Data is the foundation of any analytical project. However, real-world data is often messy and incomplete. Missing data can introduce bias, reduce the power and efficiency of statistical methods/models, and complicate analyses. Handling missing data is therefore a critical step in ensuring the accuracy and reliability of your results.

Why Does Data Go Missing?

Before we go deep into the methods of handling missing data, it's important to understand why data might be missing. Some common reasons include:

Errors during data collection: Mistakes can occur during data entry or data transfer.
Non-responses: Survey respondents might skip certain questions.
Data decay: Over time, some data points might get lost or become inaccessible.
Systematic issues: Sometimes, missing data isn't random.

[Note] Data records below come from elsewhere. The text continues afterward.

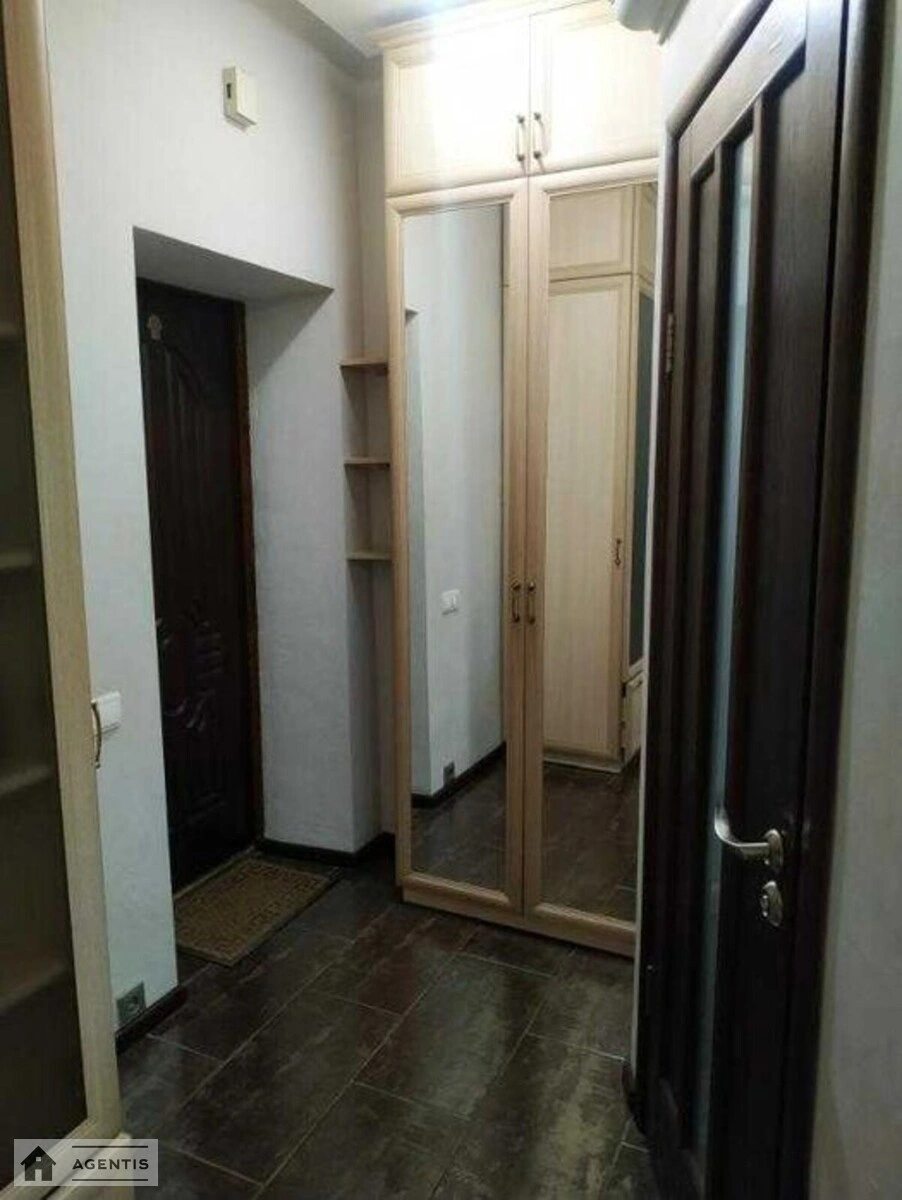 Сдам квартиру 2 комнаты, 47 m², 4 эт./5 этажей. 9, Гоголевская 9, Киев. 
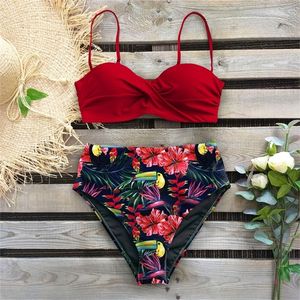 Seksi Yaprak Baskı Bikini Kadın Mayo Kadın Mayo Tanga Yukarı Bikinis Set Yüksek Bel Yüzme Takımları Yamama Takım elbisesi 220531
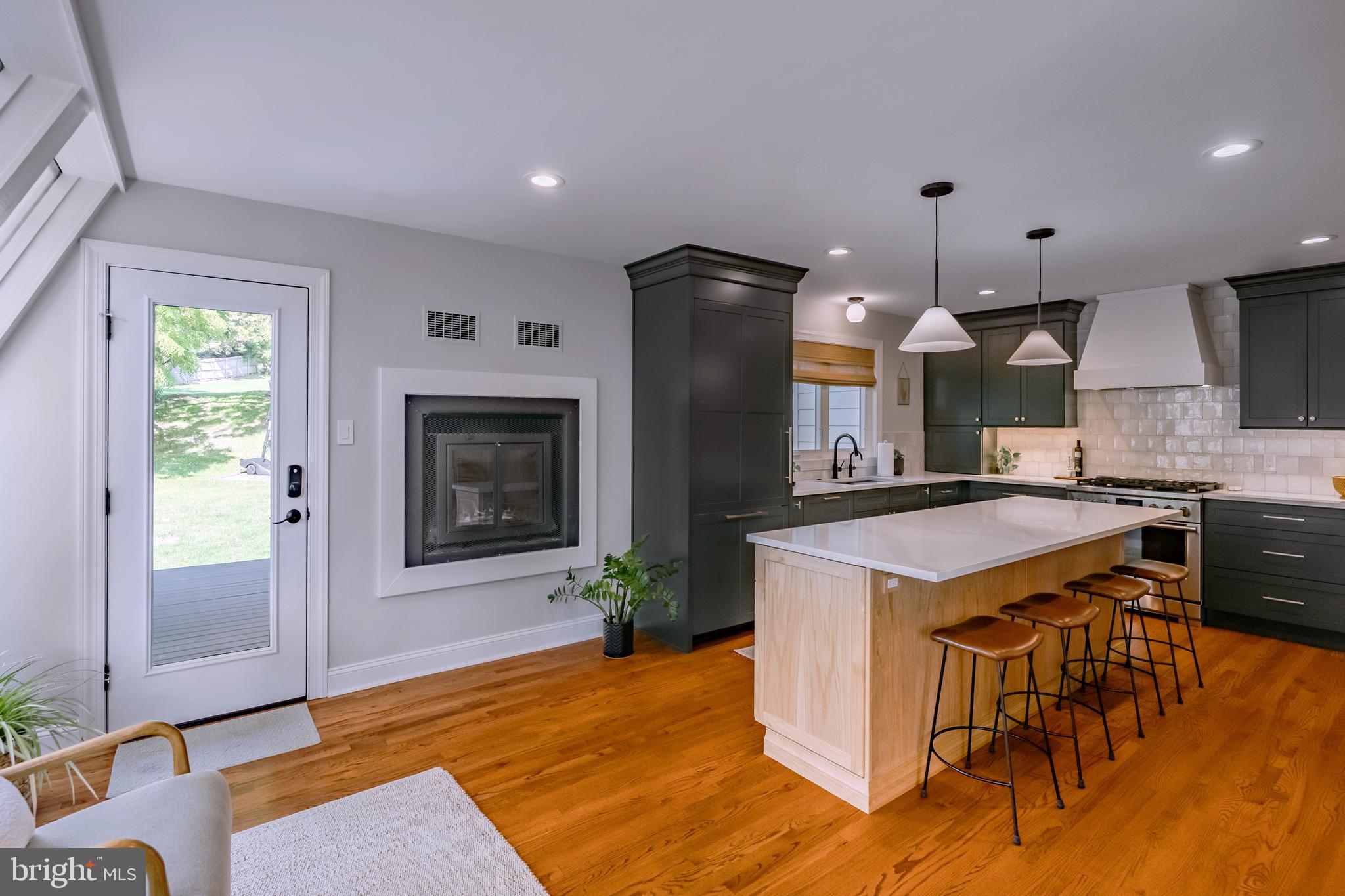 NEWTOWN SQ - Residential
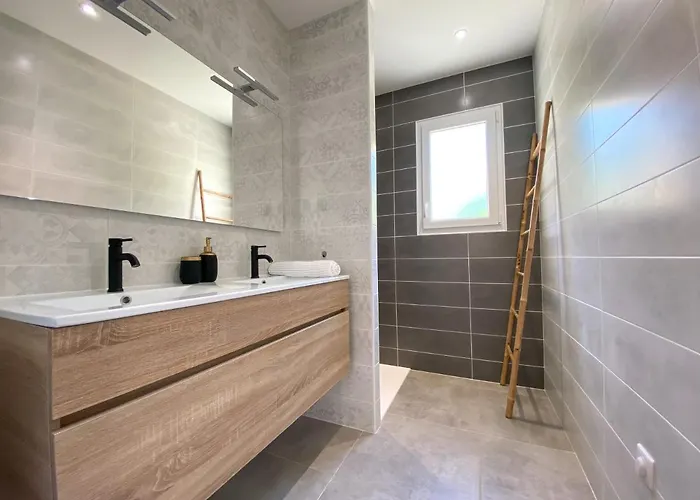 Villa Moderne , Neuve Piscine Jacuzzi .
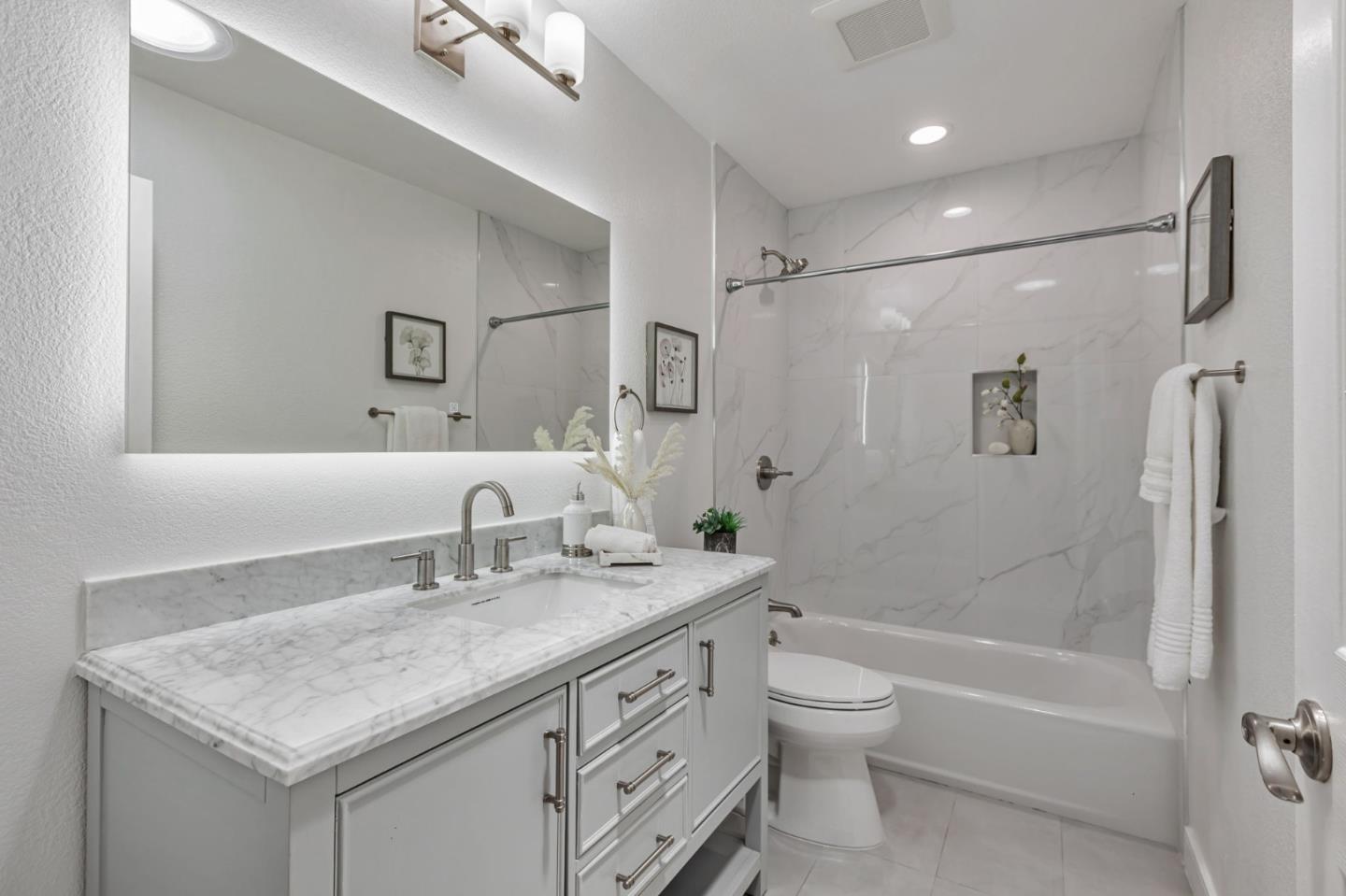 Detail Gallery Image 32 of 39 For 402 S Mary Ave, Sunnyvale,  CA 94086 - 3 Beds | 1/1 Baths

For instance, a faulty sensor might not record any data.

Understanding the reason behind the missing data can guide you in selecting the best method to handle it.

Types of Missing Data

A. Missing Completely at Random (MCAR): The missing data has no relationship with any other data point. The causes of the missing data are random.

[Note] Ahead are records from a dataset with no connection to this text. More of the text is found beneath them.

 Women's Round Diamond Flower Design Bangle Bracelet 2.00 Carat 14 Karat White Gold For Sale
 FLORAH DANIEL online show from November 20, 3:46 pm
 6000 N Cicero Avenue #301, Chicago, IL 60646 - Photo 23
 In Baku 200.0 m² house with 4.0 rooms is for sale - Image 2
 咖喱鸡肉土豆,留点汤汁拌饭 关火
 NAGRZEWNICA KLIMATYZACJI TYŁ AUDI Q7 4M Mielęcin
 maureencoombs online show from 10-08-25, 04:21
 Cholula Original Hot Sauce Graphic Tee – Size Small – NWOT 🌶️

Scenario: A soil researcher collects samples from multiple sites to analyze soil pH. While transporting the samples to the lab, some of the containers accidentally opened, and the samples were lost.
Example: The loss of samples was purely accidental and had nothing to do with the pH or any other characteristic of the soil. This means the missingness of the pH data from these samples is completely random.

B. Missing at Random (MAR): The reason for the missing data is related to some other observed data but not the missing data itself.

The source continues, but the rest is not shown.